Day 4 SNOLAB Research Experience -- Friday, December 14


This is what they call the Cryopit --  it is the deepest, cleanest underground cavern of its size in the world.  It will eventually house an experiment that requires super cold, cryogenic temperatures.  15 meters wide and almost 20 meters high!

It is my last day at SNOLAB -- what can I say --  it has been amazing!!  The best thing about being here so many days in a row is getting the opportunity to understand so many things.  As I look back on my notes from Monday, it all makes so much more sense.  My tour guide, Blaire Flynn, and all of the employees have made me feel welcome and have willingly shared their knowledge and experience.  I am so grateful for this opportunity!  I would also like to take this opportunity to than the Canadian Association of Physicists for funding this trip of a lifetime!!

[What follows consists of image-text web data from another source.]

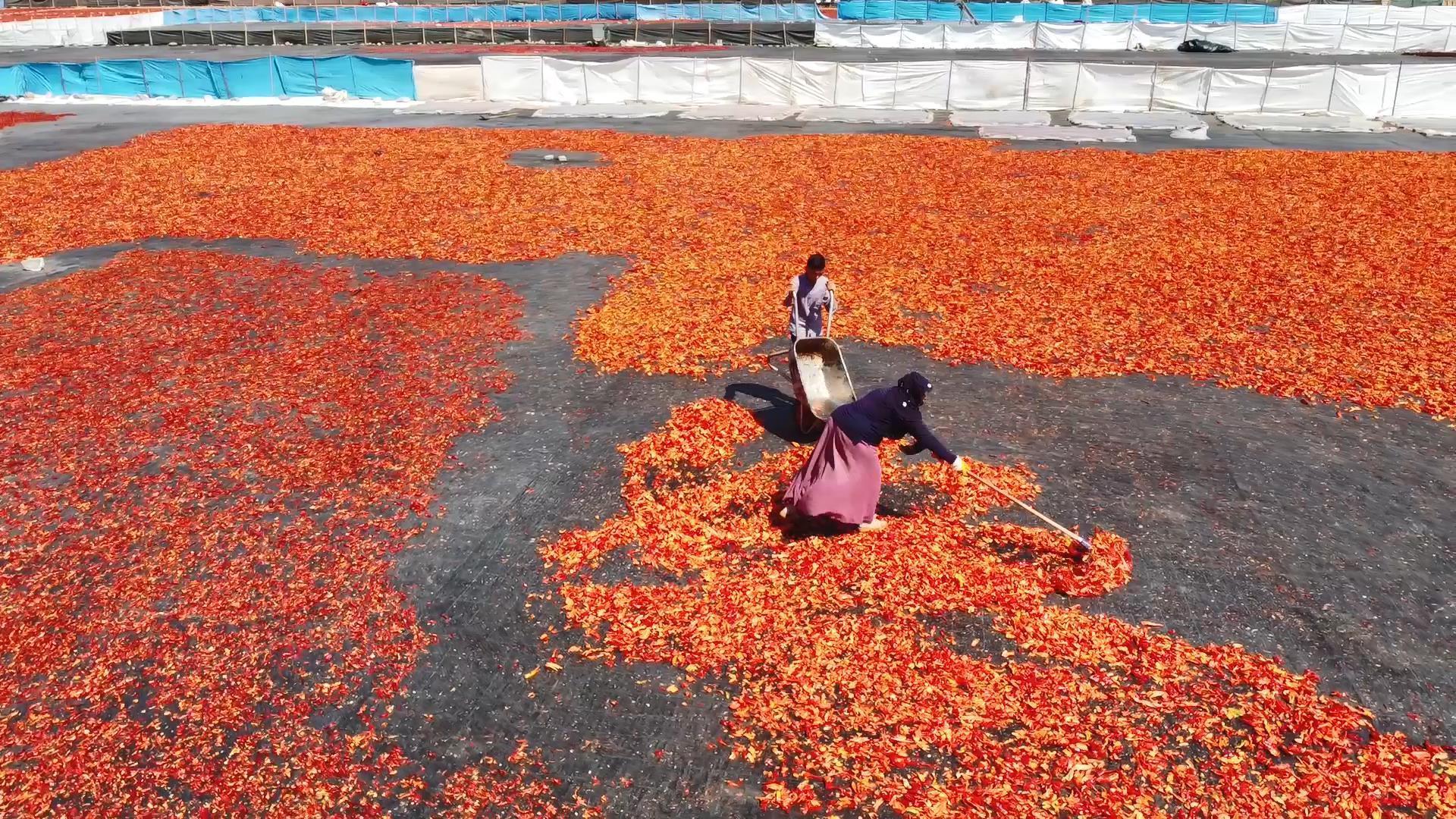 Şanlıurfada isot, 10 bin kişiye geçim kaynağı oldu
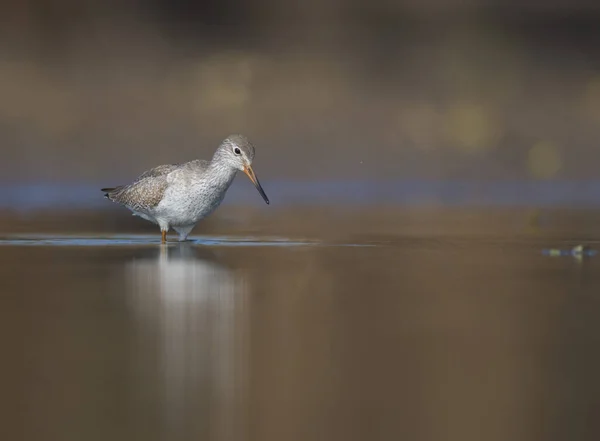 Обыкновенный краснононогий (Tringa totanus ) — стоковое фото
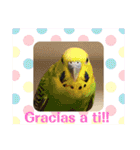 かわいい動物のスペイン語あいさつスタンプ（個別スタンプ：18）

One discussion we had here today is the necessity of failure to the process of science.  That is right -- I said failure!  When you think about it, all of the experiments so far have not detected dark matter.  Trial and error -- arguing and compromising -- throwing out and starting over -- all of this has been in the stories I have heard this week.  

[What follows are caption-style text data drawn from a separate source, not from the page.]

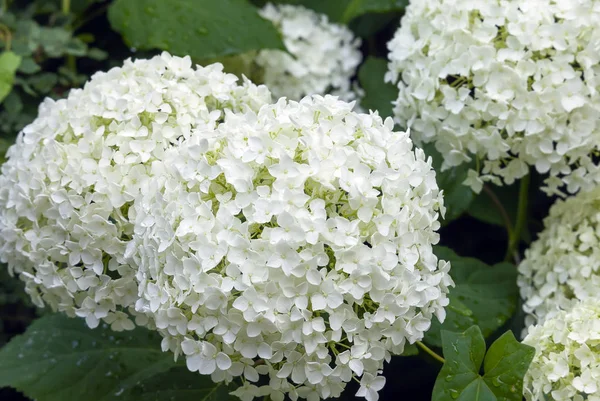 Vit Hortensia Blomma Trädgården — Stockfoto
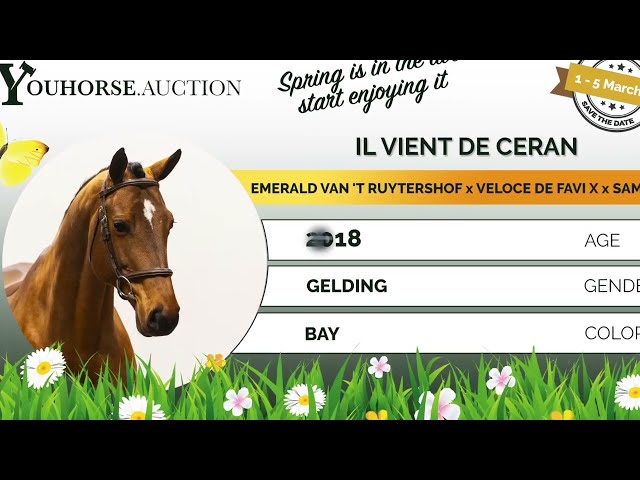 Il Vient de Ceran showvideo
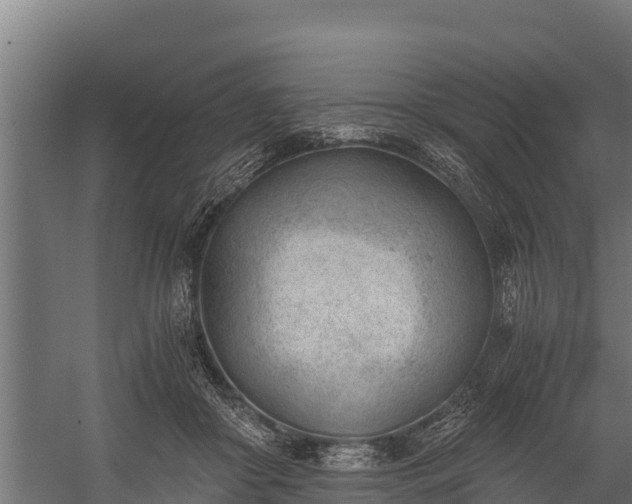 X0000060230410200511041236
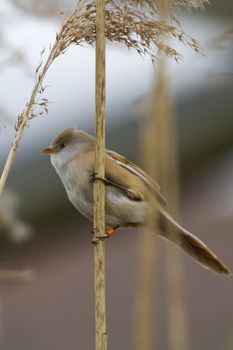 Bearded Tit ( Panurus biarmicus ) close up in the wild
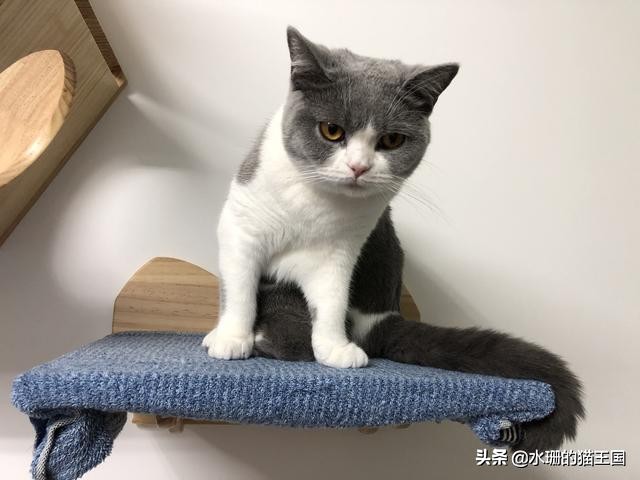 不正经的猫咪好不好,不正经的猫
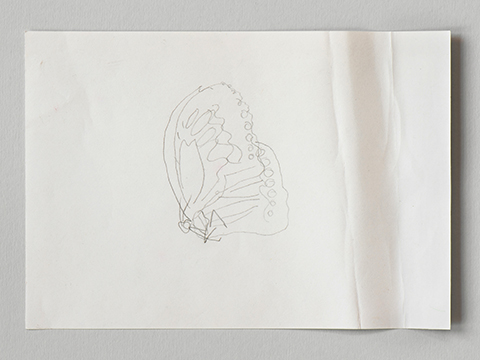 Photograph of a pencil sketch by Helen Murray of a butterfly on white paper on a grey background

To be a true scientist, you must be comfortable with failing and starting over again.  But that is easier to do when you truly understand the necessity of it!!

The DEAP experiment was our main focus today.  It uses three and a half metric tons of cryo-cooled Argon inside it's acrylic vessel to try to detect Dark Matter.  The temperature of the Argon is about -180 degrees celcius.  Brrr.

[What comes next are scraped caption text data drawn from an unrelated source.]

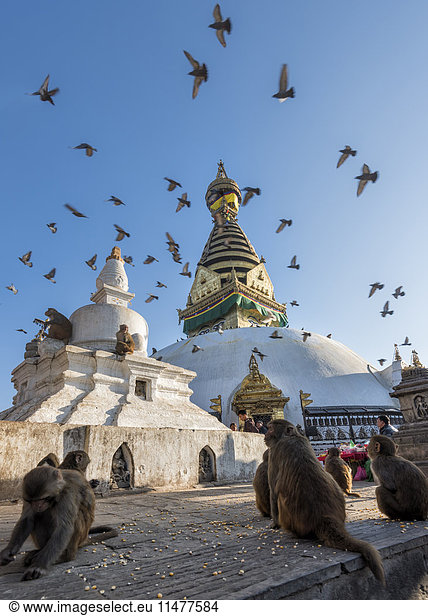 Nepal  Himalaya  Kathmandu  Swayambhunath Stupa with monkeys and birds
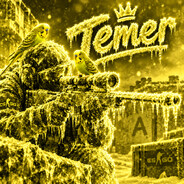 Player avatar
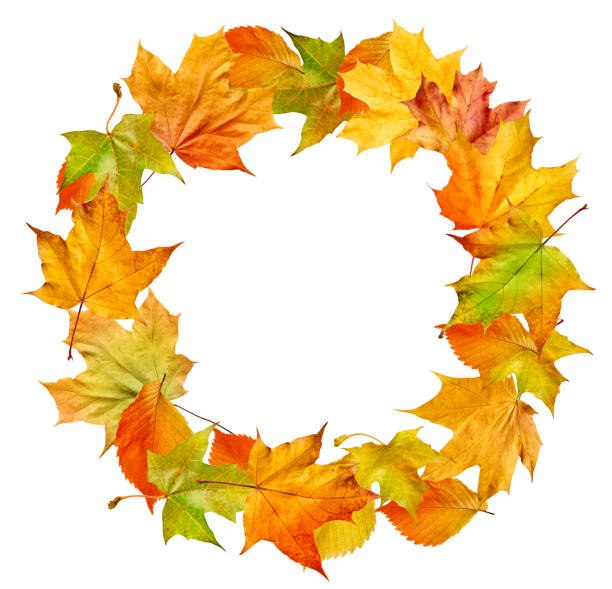 istock Autumn composition. Border from autumn leaves isolated on white background. 863805168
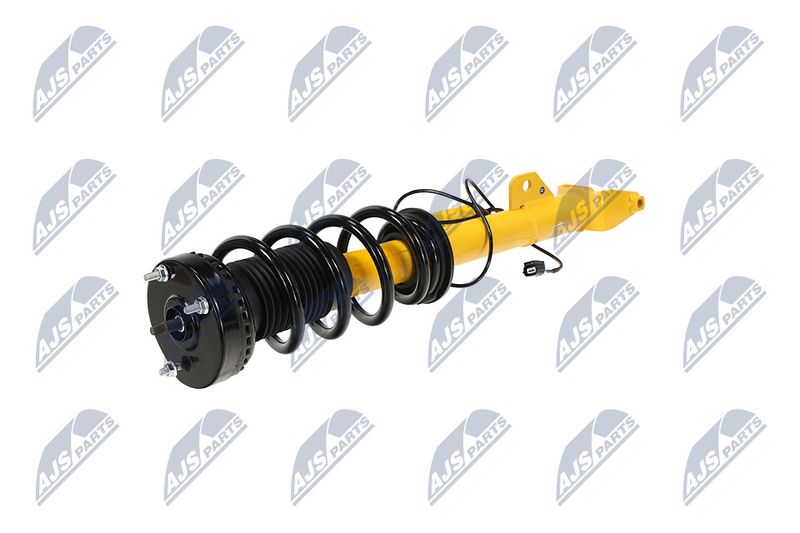 Amort, NTY A-CH-122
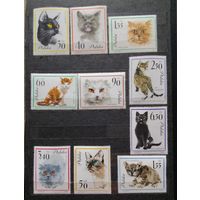 Польша;1964г. ; полная серия;Mих 1475 -84 10 марок ;Кошки; Фауна MNH OG(ma)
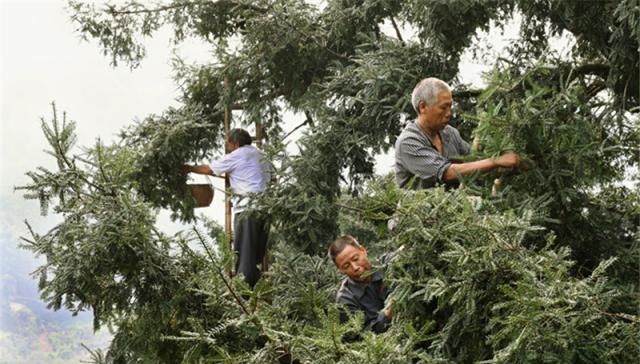  「我国」它原产我国，外形酷似橄榄，价值高种植不少，吃过的人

It contains about 250 photo-multipliers (PMTs) that use the photoelectric effect to detect even the smallest amount of light.  When an event occurs in the Argon it emits a tiny amount of light -- sometimes as little as one Photon.  An event could consist of the Argon interacting with a muon, an alpha particle, a neutron -- and ultimately -- the pièce de résistance -- a (particle of) dark matter.








DEAP  has been running since 2016 and will run about another three years.  Students and Post-doctoral students are the individuals who usually analyze the data.  However, there are many events happening all the time, but software (much of it designed and programmed by the physicists themselves)  will weed out the 99% of known events.  The data that needs to be studied is the events that are not yet known.  The projection of Dark Matter events is about 1 per year.  We know so far about Dark Matter is that is only interacts with gravity.


DEAP also rents time from the Center of Advanced Computing for their data analysis -- we are talking terabytes of data!!